Giurisprudenza codice della strada e circolazione stradale
Sezione curata da Palumbo Salvatore e Molteni Claudio

Cassazione Penale, Sezione quinta, sentenza n. 48359 del 21 dicembre 2022

 

Corte di Cassazione Penale, Sezione V, sentenza numero 48359 del 21/12/2022
Circolazione Stradale - Art. 11 del Codice della Strada - Contestazione e verbalizzazione delle violazioni - Abuso d'ufficio e falso in atto pubblico - Concorso materiale - In tema di rapporti tra abuso d'ufficio e falso in atto pubblico, sussiste concorso materiale, e non assorbimento dell'abuso d'ufficio nel più grave reato di falso, qualora la condotta di abuso non si esaurisca nel compimento dell'atto falso, essendo quest'ultimo strumentale alla realizzazione del reato di cui all'art. 323 c.p., costituendo una parte della più ampia condotta di abuso.


RITENUTO IN FATTO

1. Con sentenza del 15 aprile 2021 la Corte di appello di Napoli ha confermato la sentenza pronunciata in data (Omissis) gennaio 2018 dal Tribunale di (Omissis) nei confronti di (Soggetto 1), con la quale il ricorrente era stato condannato per il reato di cui agli artt. 81 cpv., 479 in relazione all'art. 476 secondo comma, 61 n.2. cod. pen. (capo 1) e per il reato di cui agli artt. 81 cpv. - 323 cod. pen. (capo 2), unificati dal vincolo della continuazione, alla pena di anni 4 di reclusione, oltre statuizioni accessorie e risarcimento del danno nei confronti della costituita parte civile.
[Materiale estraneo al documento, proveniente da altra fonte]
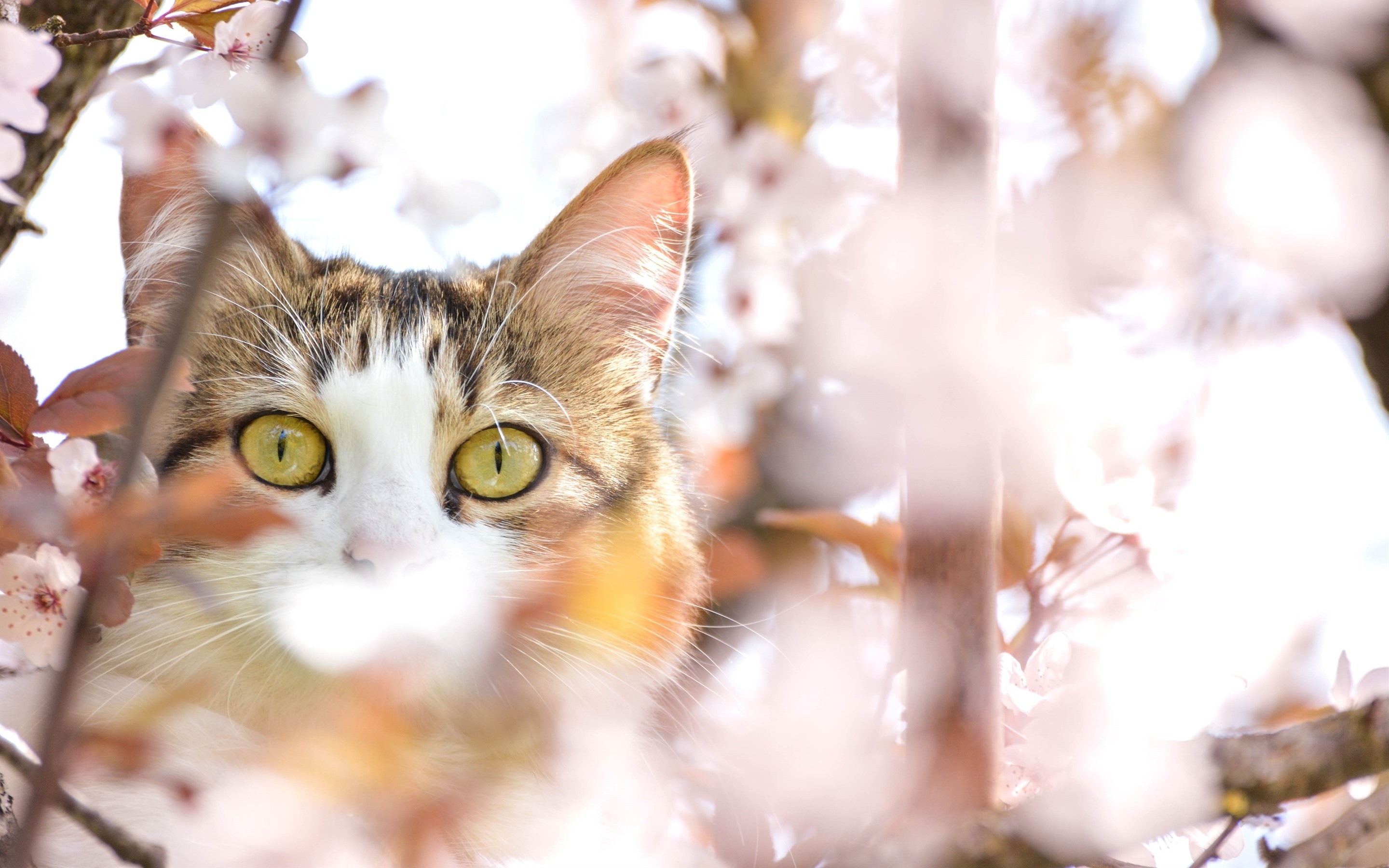 Wallpaper Cute Cat, Hazy, Close Up, Photography, Spring:2880x1800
Al ricorrente è contestato:

(Capo 1), di avere quale pubblico ufficiale appartenente al Comando della Polizia Municipale di (Omissis), attraverso la formazione di due verbali di contravvenzione al codice della strada notificati a (Soggetto 2), quale proprietario dei due veicoli, attestato falsamente fatti non corrispondenti al vero ed in particolare:
- in un verbale che il conducente il veicolo durante la marcia faceva uso del telefono cellulare con l'utilizzo delle mani;
- in un secondo verbale che il conducente del veicolo ometteva di fermarsi in corrispondenza della striscia di arresto, prima di immettersi nell'area di intersezione stradale, non dando la precedenza.

È contestata altresì la circostanza di avere commesso la falsità in atto facente fede fino a querela di falso.

(Capo 2) di avere nella qualità suindicata, nello svolgimento delle funzioni ed in violazione di legge, formando le false contravvenzioni, arrecato a (Soggetto 2) un danno ingiusto rappresentato per quest'ultimo dall'obbligo di corrispondere al Comune le somme relative alle sanzioni amministrative contestate.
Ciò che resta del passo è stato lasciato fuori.